--- DATASET CONTENT ---
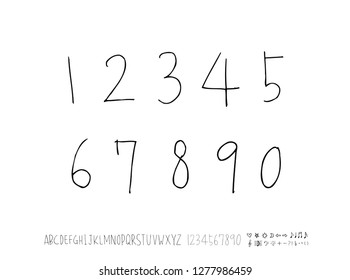 Vector fonts / Handwritten calligraphy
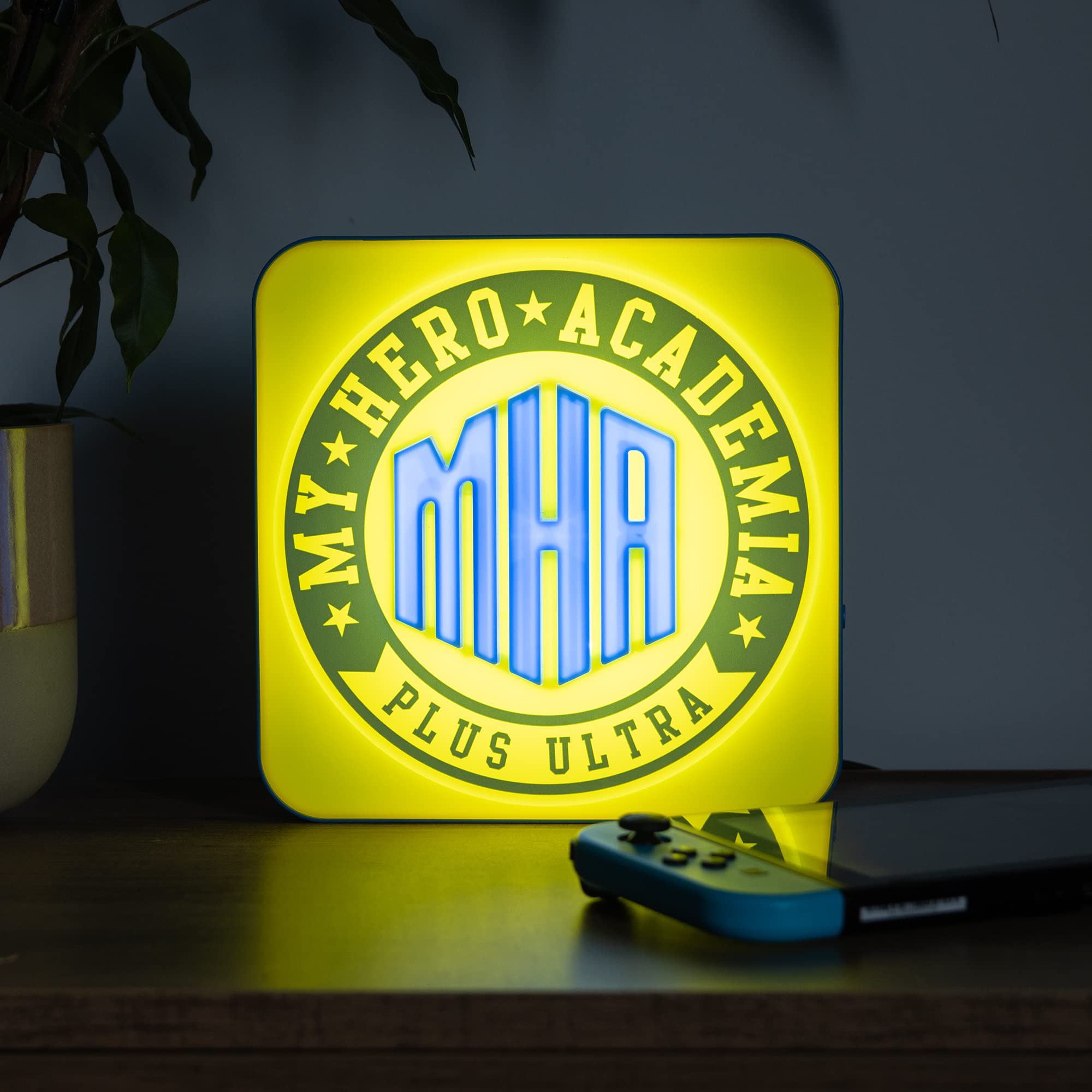 Numskull My Hero Academia Lamp Wall Light - Ambient Lighting Gaming Accessory For Bedroom  Home  Study  Office  Work - Official My Hero Academia Merchandise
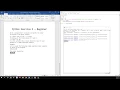 Python Exercise 5 - Beginner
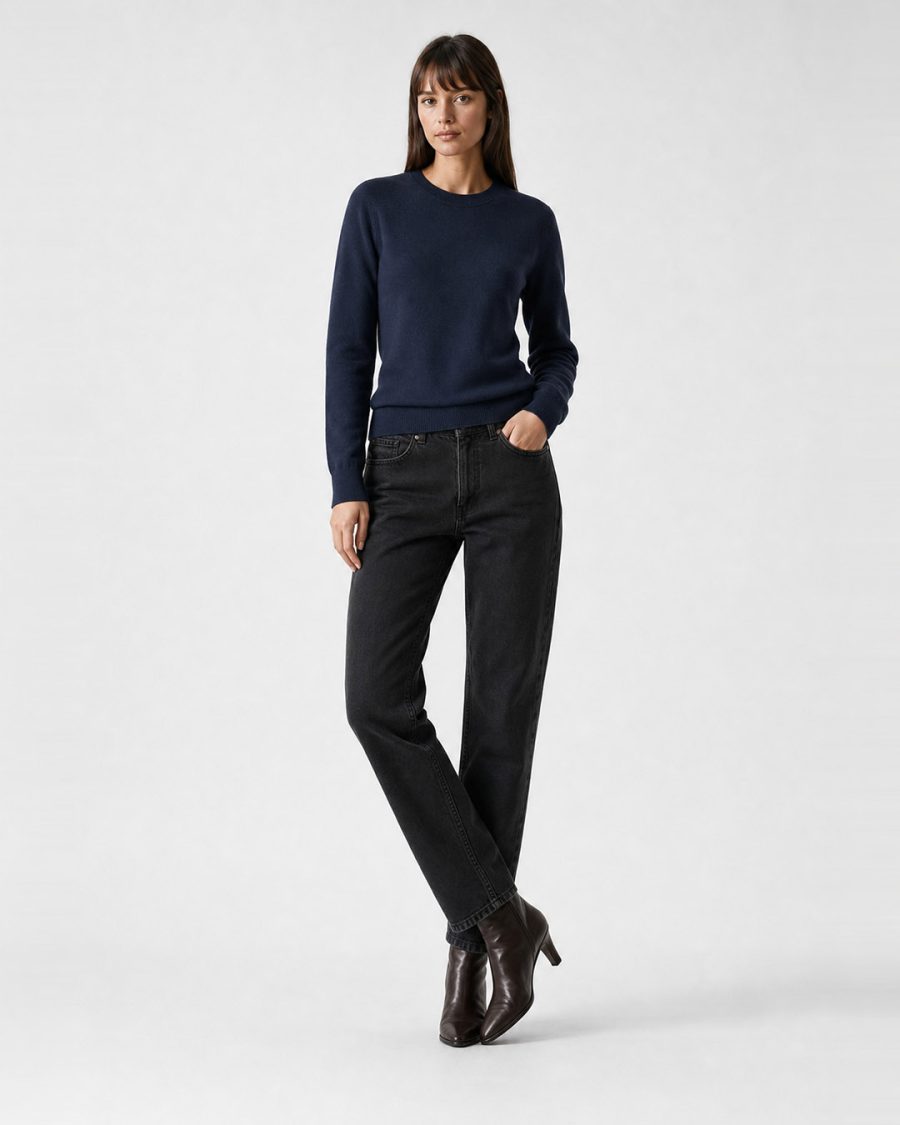 Maglia donna Helmur Orta colore Navy – editoriale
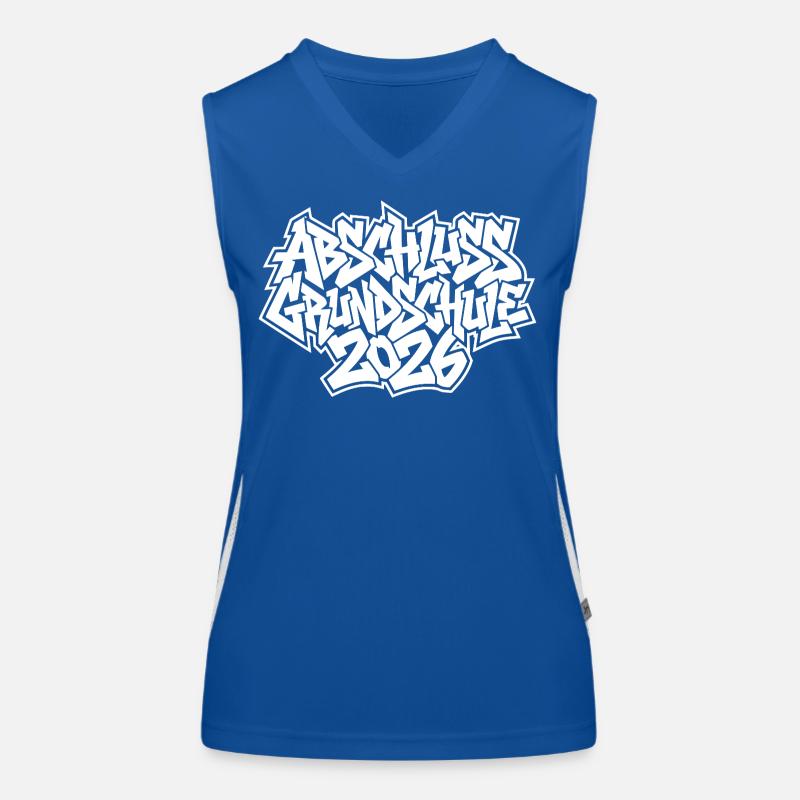 Elementary School Graduation 2026 Graffiti Women's Functional Contrast Tank Top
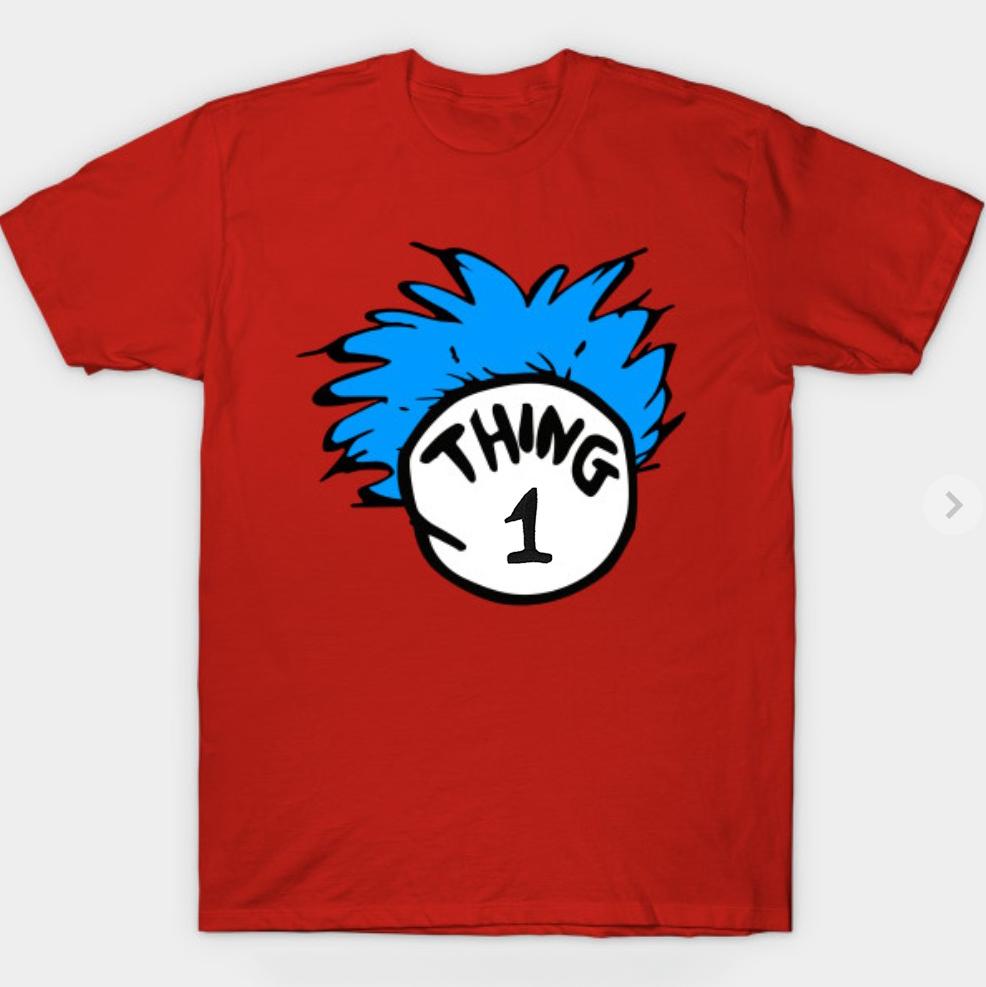Thing 1 thing 2 t-shirt ? GST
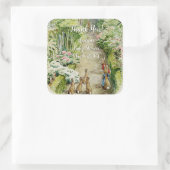 ピーターザラビットガーデン赤ちゃんシャワー スクエアシール (バッグ)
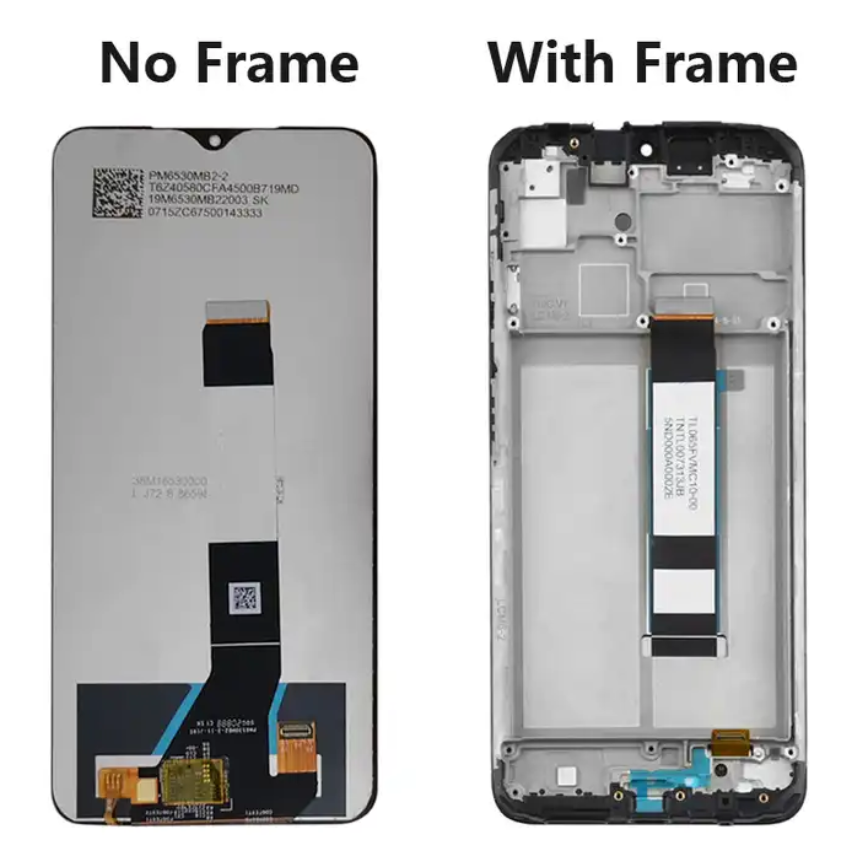 Pantalla For Xiaomi Poco M3 LCD Global M2010J19CG 6.53" LCD Display Touch Screen Digitizer Assembly With Frame Repair Parts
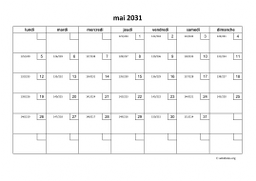calendrier mai 2031 01
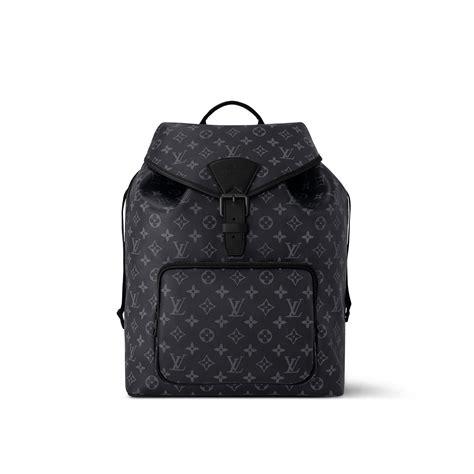 black louis vuitton backpack cheap|louis vuitton black monogram backpack.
---
Repeat each line word for word, from the one with "Maglia donna Helmur" down to the last line of the data, and keep the pictures out of it.

▶ [PROBLEM SOLUTION]:
 Maglia donna Helmur Orta colore Navy – editoriale
 Elementary School Graduation 2026 Graffiti Women's Functional Contrast Tank Top
Thing 1 thing 2 t-shirt ? GST
 ピーターザラビットガーデン赤ちゃんシャワー スクエアシール (バッグ)
 Pantalla For Xiaomi Poco M3 LCD Global M2010J19CG 6.53" LCD Display Touch Screen Digitizer Assembly With Frame Repair Parts
calendrier mai 2031 01
 black louis vuitton backpack cheap|louis vuitton black monogram backpack.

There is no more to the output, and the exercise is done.